# What is expected
In the material below, find the line containing "Naklejka premium Ramp" and the line containing "Cancer Dangle Charm Bracelet Set". Output those two lines and all lines between them exactly, without pictures.

--*--

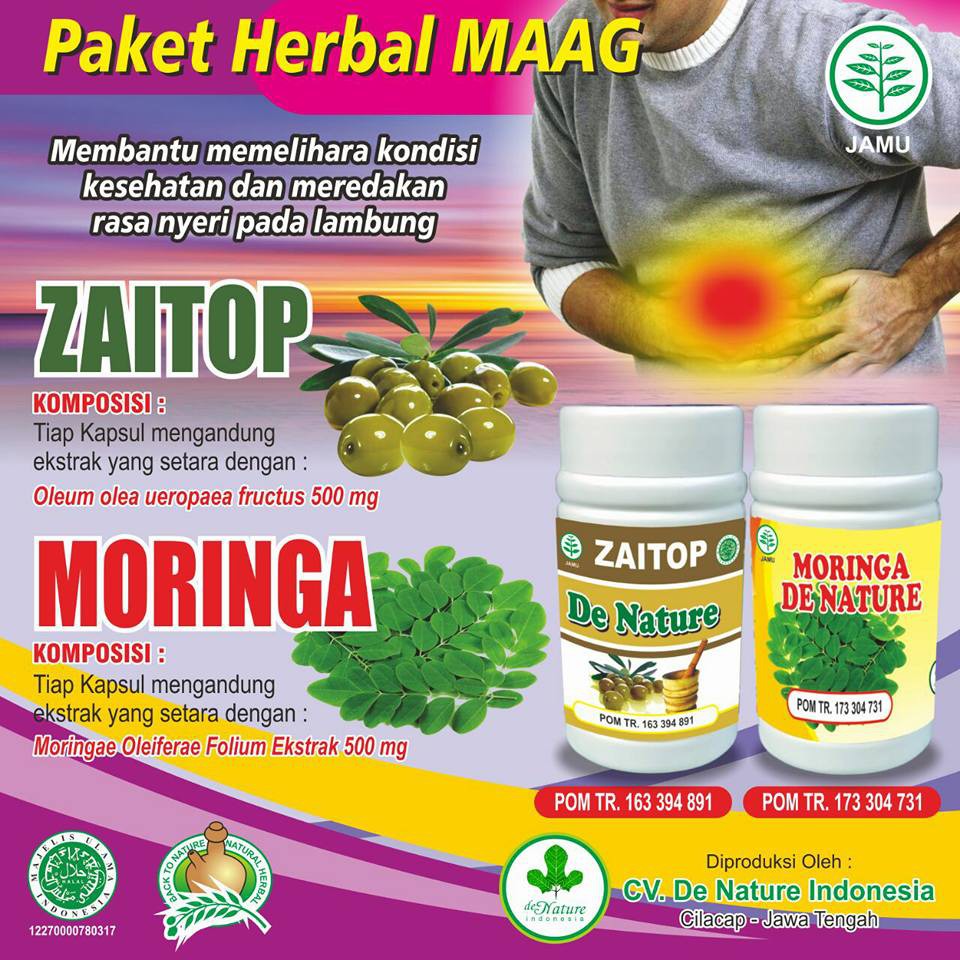 obat herbal asam lambung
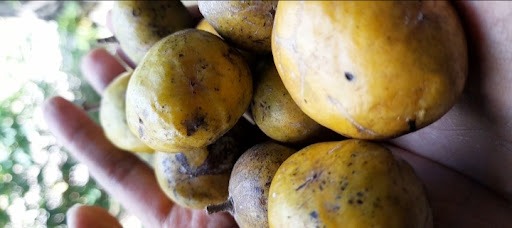 Tarawau fruit in Fiji
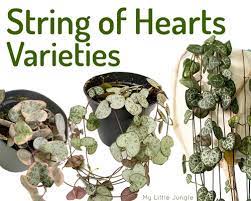We did not find results for: String Of Hearts Varieties Ceropegia Woodii Photos My Little Jungle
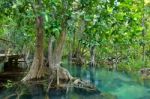 Mangrove Forests Stock Photo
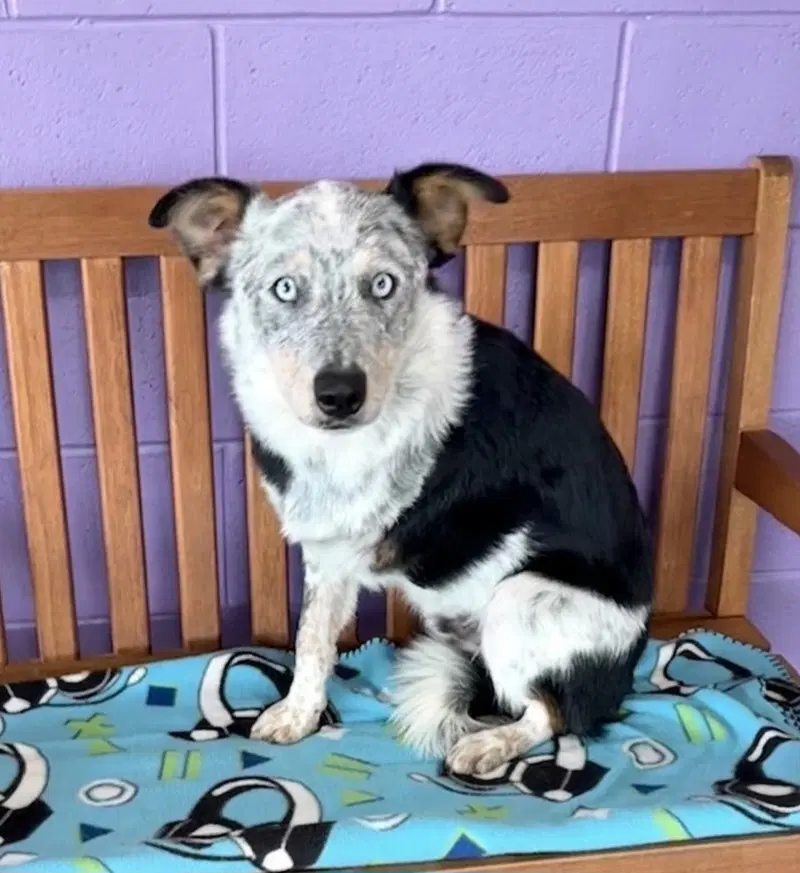 Jaxx image 2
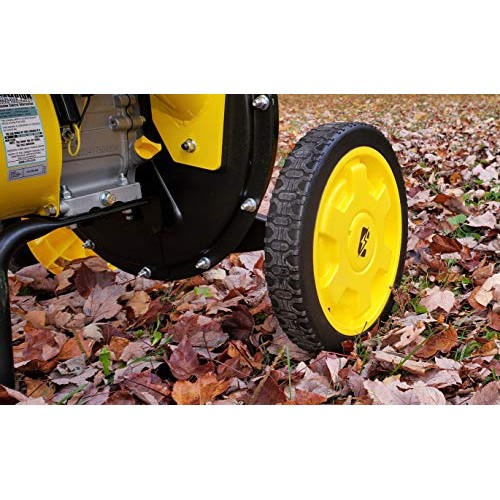 Champion Power Equipment 200905 3-Inch Portable Chipper-Shredder w...
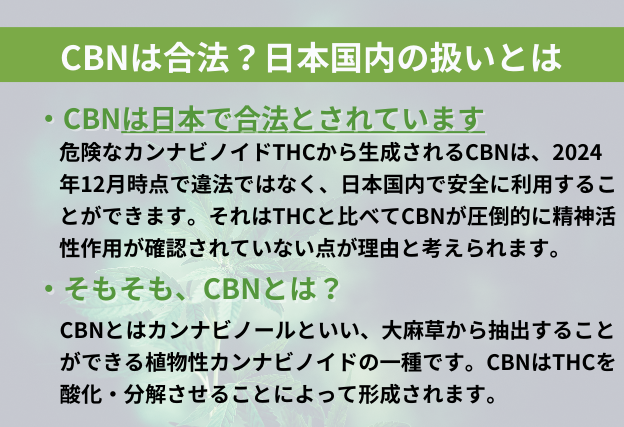 CBNの合法性とは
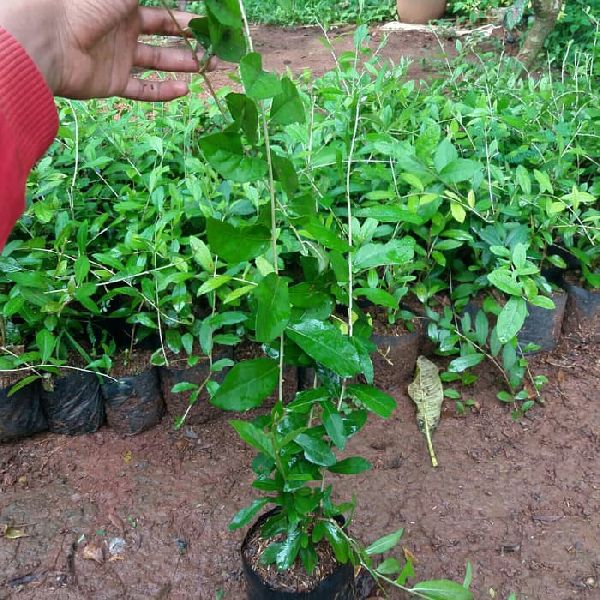 Common Henna Plant, for Parlour, Purity : 100%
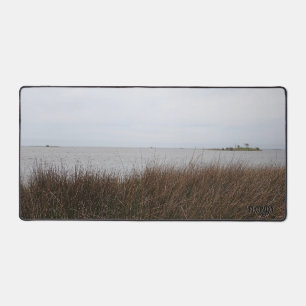 Photo de Juncus rigens menaçant sur la plage du go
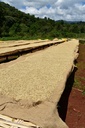 Ethiopië Aricha 250g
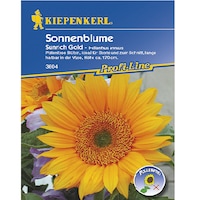 seminte de floarea soarelui sunrich gold plic de 20 seminte imagen 24_0_
0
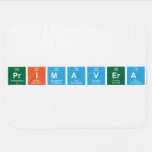 primavera  Baby Blanket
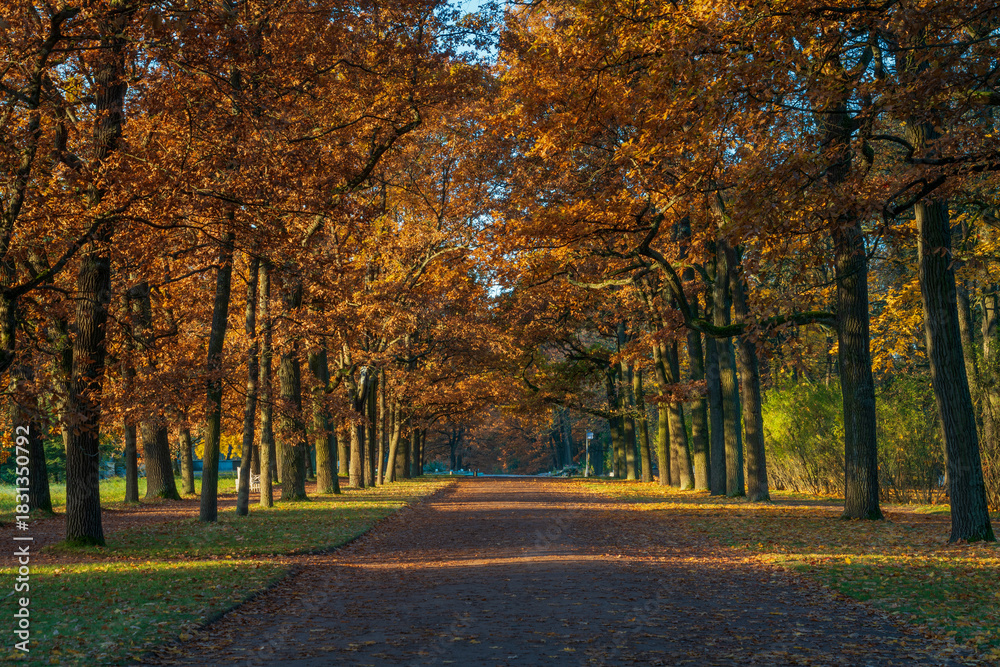 Naklejka premium Ramp alley in the Catherine Park of Tsarskoye Selo on a sunny autumn day, Pushkin, St. Petersburg, Russia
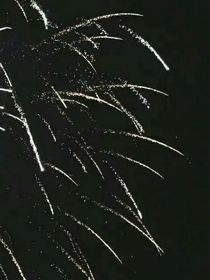 真假的你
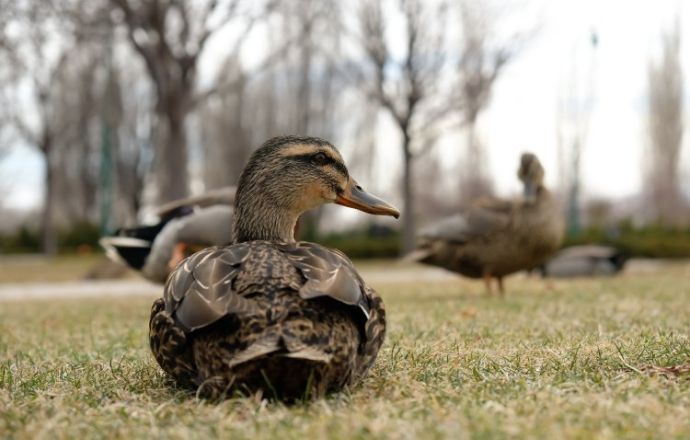Zagrożenie występowania grypy ptaków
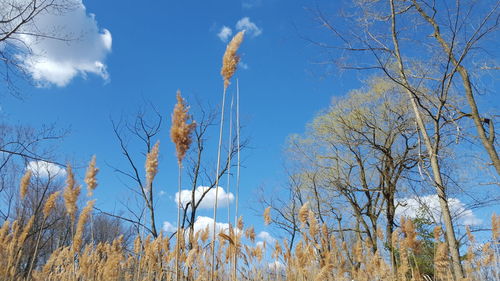 Low angle view of bare trees against blue sky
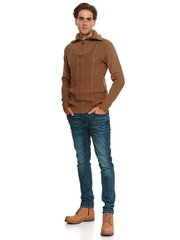 Мужской джемпер Top Secret SSW3273B5S5, коричневый цена и информация | Мужские свитера | 220.lv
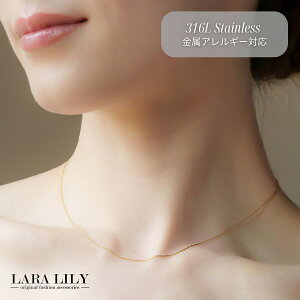 yzbL[N[|z J_m`F[ T[WJXeX 316L lbNX fB[X  Ǝ JWA tH[}ANZT[ WG[  킢 LARA LILY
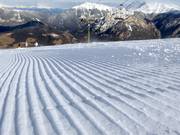 Fresh grooves in the snow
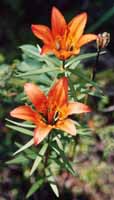 Tiger lilies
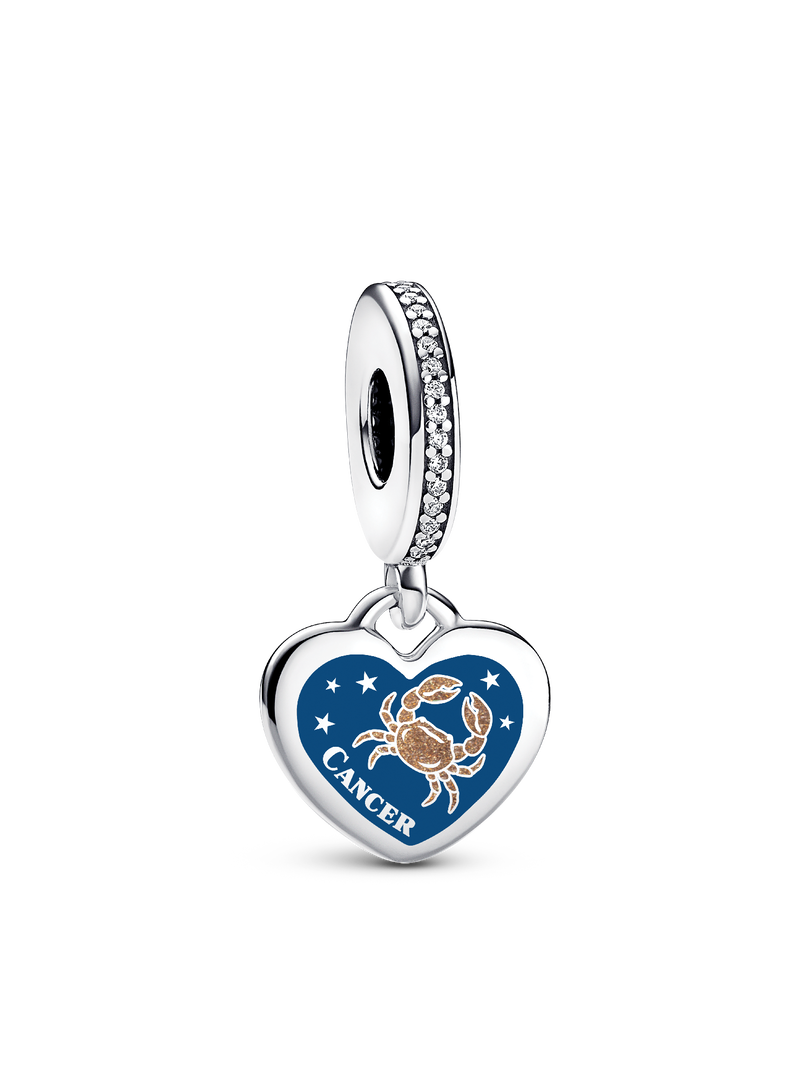 Cancer Dangle Charm Bracelet Set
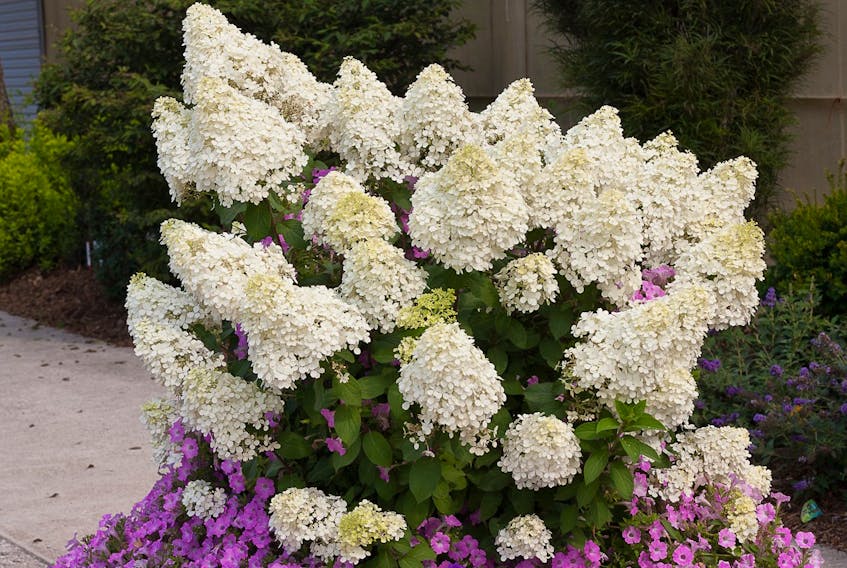 
Bobo panicle hydrangea offers compact growth and big blooms for late summer. - Proven Winners Colorchoice 
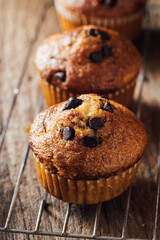 Freshly Baked Muffins with Chocolate Chips on a Cooling Rack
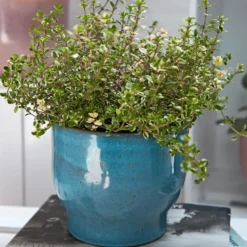 Knabstrup ytterkruka Ø16,5 cm, Dusty blue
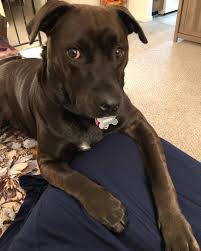 Labrabulls are playful dogs that will settle right in to any family environment. Home Pitbull Lab Mix Pitbull Lab Pitbull Mix Puppies
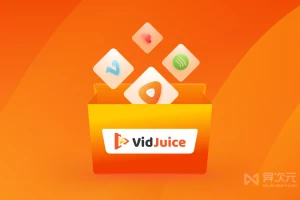 VidJuice 音视频下载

--*--

# Answer to the exercise
 Naklejka premium Ramp alley in the Catherine Park of Tsarskoye Selo on a sunny autumn day, Pushkin, St. Petersburg, Russia
 真假的你
Zagrożenie występowania grypy ptaków
 Low angle view of bare trees against blue sky
 Мужской джемпер Top Secret SSW3273B5S5, коричневый цена и информация | Мужские свитера | 220.lv
 yzbL[N[|z J_m`F[ T[WJXeX 316L lbNX fB[X  Ǝ JWA tH[}ANZT[ WG[  킢 LARA LILY
 Fresh grooves in the snow
 Tiger lilies
 Cancer Dangle Charm Bracelet Set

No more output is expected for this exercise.